Странное проявление чувств от нежити…
Впрочем, нет. Ведь на самом деле это не она тоскует, а это у меня внутри все вымерзло. И это не у нее, а у меня в душе вместо недолгого опустошения появилось какое-то новое, не поддающееся описанию, но на удивление сильное чувство, не дающее спокойно отвернуться и просто уйти, навсегда вычеркнув этот день из памяти.
Я знал, что никогда не забуду миг, когда упрямый мальчишка бездумно полез вперед, пытаясь принять смерть вместо меня. Как не забуду равнодушного взгляда, которым его, самоубийцу, одарила стоящая напротив меня нелюдь.
Нелюдь… Кажется, только сейчас я начал осознавать истинный смысл этого слова. И, глядя на одинокую капельку крови, навеки застывшую на щеке убитого мальчишки, вдруг ощутил, что не смогу уйти. Не смогу забыть, отмахнуться и спокойно жить дальше. Нардис, сам того не ведая, сумел сделать для меня нечто очень ценное. Привязавшись ко мне, он в каком-то смысле сумел привязать и меня. Люди… Они ведь не зря так настойчиво тянутся друг к другу. Поэтому сейчас, когда эту связь оборвали, а то, что она дарила, безвозвратно ушло, я в полной мере ощутил, что потерял нечто крайне важное. То, что уже никогда не смогу вернуть.
От последней мысли мне стало неуютно.
Никогда – это ведь даже не вечность. Никогда – это уже насовсем, потому что Нардиса мне никто не заменит. И на его место никто не придет.
Когда до меня дошла эта нехитрая истина, мое сожаление выросло на порядок и стало настолько острым, почти болезненным, что его захотелось высказать, выплеснуть, избавиться от него, как от вещи, которая когда-то была дорога, но теперь стала ненужной.

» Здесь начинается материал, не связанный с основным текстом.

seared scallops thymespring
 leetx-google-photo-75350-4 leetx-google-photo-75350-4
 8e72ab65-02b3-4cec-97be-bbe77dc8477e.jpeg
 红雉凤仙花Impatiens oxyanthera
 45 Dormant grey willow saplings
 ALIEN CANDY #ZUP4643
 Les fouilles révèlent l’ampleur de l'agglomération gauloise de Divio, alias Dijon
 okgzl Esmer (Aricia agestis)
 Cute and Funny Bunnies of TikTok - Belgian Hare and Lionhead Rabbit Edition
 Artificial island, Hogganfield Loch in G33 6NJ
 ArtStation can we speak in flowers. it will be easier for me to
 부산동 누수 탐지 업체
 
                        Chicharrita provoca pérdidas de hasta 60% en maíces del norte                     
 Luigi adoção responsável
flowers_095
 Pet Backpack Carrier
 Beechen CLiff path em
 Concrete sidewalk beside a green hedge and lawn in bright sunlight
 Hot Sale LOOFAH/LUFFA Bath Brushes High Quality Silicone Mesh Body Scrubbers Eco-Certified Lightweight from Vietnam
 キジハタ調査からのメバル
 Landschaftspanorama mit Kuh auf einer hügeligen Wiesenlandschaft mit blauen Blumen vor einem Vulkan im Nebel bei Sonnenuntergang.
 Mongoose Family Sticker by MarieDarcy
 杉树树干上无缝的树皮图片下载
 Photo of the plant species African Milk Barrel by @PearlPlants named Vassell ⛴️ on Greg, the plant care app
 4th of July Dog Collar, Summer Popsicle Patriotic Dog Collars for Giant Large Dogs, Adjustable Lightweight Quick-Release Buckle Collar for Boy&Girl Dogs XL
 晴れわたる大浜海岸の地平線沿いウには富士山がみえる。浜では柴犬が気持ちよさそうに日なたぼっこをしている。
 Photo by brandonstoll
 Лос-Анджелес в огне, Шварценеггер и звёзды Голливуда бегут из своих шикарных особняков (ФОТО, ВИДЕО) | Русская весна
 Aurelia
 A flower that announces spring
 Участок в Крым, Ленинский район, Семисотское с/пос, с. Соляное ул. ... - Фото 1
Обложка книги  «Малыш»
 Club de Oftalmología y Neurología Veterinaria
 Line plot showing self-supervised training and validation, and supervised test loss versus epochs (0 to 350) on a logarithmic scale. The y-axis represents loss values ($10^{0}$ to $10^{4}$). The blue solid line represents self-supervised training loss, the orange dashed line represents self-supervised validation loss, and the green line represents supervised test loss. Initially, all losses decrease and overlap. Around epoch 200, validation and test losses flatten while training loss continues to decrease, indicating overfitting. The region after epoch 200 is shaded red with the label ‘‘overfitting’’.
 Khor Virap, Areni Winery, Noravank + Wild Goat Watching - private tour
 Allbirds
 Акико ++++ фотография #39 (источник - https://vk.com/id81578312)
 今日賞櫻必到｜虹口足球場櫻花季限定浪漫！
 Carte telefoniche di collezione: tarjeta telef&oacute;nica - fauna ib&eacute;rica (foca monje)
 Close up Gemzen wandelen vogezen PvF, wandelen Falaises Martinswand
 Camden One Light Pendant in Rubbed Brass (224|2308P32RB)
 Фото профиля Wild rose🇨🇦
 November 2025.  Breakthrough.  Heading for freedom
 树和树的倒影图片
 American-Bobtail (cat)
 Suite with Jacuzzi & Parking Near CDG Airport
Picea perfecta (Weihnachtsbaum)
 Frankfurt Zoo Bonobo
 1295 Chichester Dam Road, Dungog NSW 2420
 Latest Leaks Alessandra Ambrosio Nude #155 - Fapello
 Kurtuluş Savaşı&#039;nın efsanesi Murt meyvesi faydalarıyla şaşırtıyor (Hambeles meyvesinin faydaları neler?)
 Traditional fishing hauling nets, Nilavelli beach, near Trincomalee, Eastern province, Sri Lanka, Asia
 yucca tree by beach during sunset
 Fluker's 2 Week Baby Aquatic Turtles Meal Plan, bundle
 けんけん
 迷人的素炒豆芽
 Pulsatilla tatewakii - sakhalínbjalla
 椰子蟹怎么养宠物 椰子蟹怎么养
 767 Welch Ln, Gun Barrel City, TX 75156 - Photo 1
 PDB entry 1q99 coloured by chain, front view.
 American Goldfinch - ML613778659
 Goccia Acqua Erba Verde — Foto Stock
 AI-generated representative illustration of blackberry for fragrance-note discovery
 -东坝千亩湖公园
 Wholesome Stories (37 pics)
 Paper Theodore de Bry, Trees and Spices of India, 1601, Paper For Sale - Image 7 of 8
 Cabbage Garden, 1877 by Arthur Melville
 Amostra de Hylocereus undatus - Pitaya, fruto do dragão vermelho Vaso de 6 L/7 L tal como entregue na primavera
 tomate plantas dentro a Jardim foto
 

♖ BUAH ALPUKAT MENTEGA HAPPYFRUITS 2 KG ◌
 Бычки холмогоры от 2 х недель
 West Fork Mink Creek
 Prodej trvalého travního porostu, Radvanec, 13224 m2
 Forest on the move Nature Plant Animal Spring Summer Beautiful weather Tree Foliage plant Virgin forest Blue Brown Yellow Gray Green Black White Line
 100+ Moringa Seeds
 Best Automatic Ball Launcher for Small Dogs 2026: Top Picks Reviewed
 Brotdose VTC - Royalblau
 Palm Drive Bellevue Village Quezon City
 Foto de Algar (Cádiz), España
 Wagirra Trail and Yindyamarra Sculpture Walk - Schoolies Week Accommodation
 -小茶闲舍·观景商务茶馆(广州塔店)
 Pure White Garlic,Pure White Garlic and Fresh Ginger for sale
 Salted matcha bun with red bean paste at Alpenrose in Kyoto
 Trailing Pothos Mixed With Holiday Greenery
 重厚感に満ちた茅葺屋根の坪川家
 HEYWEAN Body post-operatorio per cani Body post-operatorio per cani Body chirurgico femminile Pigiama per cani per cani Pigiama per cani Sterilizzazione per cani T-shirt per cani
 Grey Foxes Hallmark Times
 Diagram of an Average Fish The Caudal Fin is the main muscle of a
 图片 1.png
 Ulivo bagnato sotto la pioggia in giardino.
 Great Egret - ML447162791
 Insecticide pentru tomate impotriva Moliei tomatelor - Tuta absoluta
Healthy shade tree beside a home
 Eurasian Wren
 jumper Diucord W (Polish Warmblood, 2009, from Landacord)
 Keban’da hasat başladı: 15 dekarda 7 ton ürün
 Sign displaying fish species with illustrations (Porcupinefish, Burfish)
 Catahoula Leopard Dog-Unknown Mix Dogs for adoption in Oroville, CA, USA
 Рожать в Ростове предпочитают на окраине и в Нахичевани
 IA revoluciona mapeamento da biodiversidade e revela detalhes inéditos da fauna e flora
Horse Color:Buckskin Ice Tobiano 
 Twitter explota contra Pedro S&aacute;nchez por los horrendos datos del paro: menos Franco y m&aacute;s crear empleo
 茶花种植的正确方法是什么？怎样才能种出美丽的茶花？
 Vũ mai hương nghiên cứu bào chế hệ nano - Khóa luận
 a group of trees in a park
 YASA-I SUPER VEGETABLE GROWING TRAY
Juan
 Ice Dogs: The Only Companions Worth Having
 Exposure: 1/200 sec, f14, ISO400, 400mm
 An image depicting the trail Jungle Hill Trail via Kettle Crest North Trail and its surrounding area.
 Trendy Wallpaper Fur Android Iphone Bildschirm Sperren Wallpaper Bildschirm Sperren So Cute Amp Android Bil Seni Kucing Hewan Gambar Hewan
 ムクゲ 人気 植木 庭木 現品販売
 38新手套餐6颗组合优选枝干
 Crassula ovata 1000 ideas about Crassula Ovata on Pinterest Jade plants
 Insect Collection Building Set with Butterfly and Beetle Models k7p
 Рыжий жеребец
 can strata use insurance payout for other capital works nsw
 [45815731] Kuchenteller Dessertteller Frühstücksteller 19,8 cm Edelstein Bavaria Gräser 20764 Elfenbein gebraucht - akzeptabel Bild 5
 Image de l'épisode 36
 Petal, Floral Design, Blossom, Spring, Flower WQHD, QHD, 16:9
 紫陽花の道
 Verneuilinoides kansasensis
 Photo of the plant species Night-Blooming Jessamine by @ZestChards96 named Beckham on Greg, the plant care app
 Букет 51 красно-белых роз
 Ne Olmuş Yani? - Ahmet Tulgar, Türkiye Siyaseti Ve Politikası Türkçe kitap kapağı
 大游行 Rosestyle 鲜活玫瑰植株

Пожалуй, раньше я бы так и сделал. Выбросил, выкинул, забыл. Но сейчас, глядя на мертвого парня, я также неожиданно понял, что все-таки хочу о нем помнить. Его голос, его поступки, слова… Его ворчание по утрам и даже ругательства, когда что-то выходило не так, как ему хотелось. Да и вообще… Мне вдруг подумалось, что это важно – помнить о ком-то или о чем-то. Ведь воспоминания – как маленькая жизнь, собранная в одном-единственном осколке. И пока такие осколки кто-то хранит, люди, которые были нам дороги, по-прежнему существуют.
Горькое, тягостное, мерзкое чувство потери стало, пожалуй, одним из самых ярких и самых неприятных приобретений в моей коллекции человеческих эмоций. Но одновременно с ним пришло и другое чувство, гораздо более сильное, которое, изучив со всех сторон и признав полезным, я решил продемонстрировать своим крылатым теперь уже врагам.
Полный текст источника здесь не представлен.